Required work >>
A faithful transcription of all the data is required.
..............................
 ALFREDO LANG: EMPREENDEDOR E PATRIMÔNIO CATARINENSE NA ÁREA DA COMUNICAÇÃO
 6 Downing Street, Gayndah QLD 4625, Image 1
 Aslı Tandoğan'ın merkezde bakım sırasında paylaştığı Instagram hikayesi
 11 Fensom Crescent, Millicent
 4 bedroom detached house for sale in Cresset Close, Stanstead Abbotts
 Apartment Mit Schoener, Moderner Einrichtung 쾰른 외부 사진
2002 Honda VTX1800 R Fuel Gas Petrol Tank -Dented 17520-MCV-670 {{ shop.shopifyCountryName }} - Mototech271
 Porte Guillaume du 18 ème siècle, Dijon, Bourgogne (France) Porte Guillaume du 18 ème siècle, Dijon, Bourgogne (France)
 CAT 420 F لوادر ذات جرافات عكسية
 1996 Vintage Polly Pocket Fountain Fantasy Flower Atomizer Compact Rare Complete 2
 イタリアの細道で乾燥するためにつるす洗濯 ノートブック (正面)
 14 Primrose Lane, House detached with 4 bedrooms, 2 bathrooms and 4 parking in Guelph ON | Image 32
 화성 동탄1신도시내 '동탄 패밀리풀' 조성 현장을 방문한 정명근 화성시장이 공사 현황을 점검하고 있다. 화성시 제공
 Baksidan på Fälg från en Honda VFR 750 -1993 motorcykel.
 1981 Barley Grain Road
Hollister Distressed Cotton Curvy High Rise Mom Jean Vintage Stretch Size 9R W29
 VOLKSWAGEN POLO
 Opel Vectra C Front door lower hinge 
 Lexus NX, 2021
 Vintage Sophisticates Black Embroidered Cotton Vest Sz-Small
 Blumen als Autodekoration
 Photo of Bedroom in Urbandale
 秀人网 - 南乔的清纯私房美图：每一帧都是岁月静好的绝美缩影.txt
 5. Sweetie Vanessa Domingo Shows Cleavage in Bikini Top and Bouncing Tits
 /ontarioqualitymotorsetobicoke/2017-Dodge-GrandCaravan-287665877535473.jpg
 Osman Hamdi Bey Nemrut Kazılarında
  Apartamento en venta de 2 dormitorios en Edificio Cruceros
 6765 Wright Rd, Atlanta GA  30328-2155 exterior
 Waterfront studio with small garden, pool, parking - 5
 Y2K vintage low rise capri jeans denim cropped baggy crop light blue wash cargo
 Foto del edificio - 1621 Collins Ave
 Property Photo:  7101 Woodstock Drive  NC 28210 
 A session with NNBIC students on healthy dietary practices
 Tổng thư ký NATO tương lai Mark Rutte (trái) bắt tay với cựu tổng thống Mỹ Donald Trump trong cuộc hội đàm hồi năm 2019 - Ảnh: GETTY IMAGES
..............................
Reply to the task >>
 ALFREDO LANG: EMPREENDEDOR E PATRIMÔNIO CATARINENSE NA ÁREA DA COMUNICAÇÃO
 6 Downing Street, Gayndah QLD 4625, Image 1
 Aslı Tandoğan'ın merkezde bakım sırasında paylaştığı Instagram hikayesi
 11 Fensom Crescent, Millicent
 4 bedroom detached house for sale in Cresset Close, Stanstead Abbotts
 Apartment Mit Schoener, Moderner Einrichtung 쾰른 외부 사진
2002 Honda VTX1800 R Fuel Gas Petrol Tank -Dented 17520-MCV-670 {{ shop.shopifyCountryName }} - Mototech271
 Porte Guillaume du 18 ème siècle, Dijon, Bourgogne (France) Porte Guillaume du 18 ème siècle, Dijon, Bourgogne (France)
 CAT 420 F لوادر ذات جرافات عكسية
 1996 Vintage Polly Pocket Fountain Fantasy Flower Atomizer Compact Rare Complete 2
 イタリアの細道で乾燥するためにつるす洗濯 ノートブック (正面)
 14 Primrose Lane, House detached with 4 bedrooms, 2 bathrooms and 4 parking in Guelph ON | Image 32
 화성 동탄1신도시내 '동탄 패밀리풀' 조성 현장을 방문한 정명근 화성시장이 공사 현황을 점검하고 있다. 화성시 제공
 Baksidan på Fälg från en Honda VFR 750 -1993 motorcykel.
 1981 Barley Grain Road
Hollister Distressed Cotton Curvy High Rise Mom Jean Vintage Stretch Size 9R W29
 VOLKSWAGEN POLO
 Opel Vectra C Front door lower hinge 
 Lexus NX, 2021
 Vintage Sophisticates Black Embroidered Cotton Vest Sz-Small
 Blumen als Autodekoration
 Photo of Bedroom in Urbandale
 秀人网 - 南乔的清纯私房美图：每一帧都是岁月静好的绝美缩影.txt
 5. Sweetie Vanessa Domingo Shows Cleavage in Bikini Top and Bouncing Tits
 /ontarioqualitymotorsetobicoke/2017-Dodge-GrandCaravan-287665877535473.jpg
 Osman Hamdi Bey Nemrut Kazılarında
  Apartamento en venta de 2 dormitorios en Edificio Cruceros
 6765 Wright Rd, Atlanta GA  30328-2155 exterior
 Waterfront studio with small garden, pool, parking - 5
 Y2K vintage low rise capri jeans denim cropped baggy crop light blue wash cargo
 Foto del edificio - 1621 Collins Ave
 Property Photo:  7101 Woodstock Drive  NC 28210 
 A session with NNBIC students on healthy dietary practices
 Tổng thư ký NATO tương lai Mark Rutte (trái) bắt tay với cựu tổng thống Mỹ Donald Trump trong cuộc hội đàm hồi năm 2019 - Ảnh: GETTY IMAGES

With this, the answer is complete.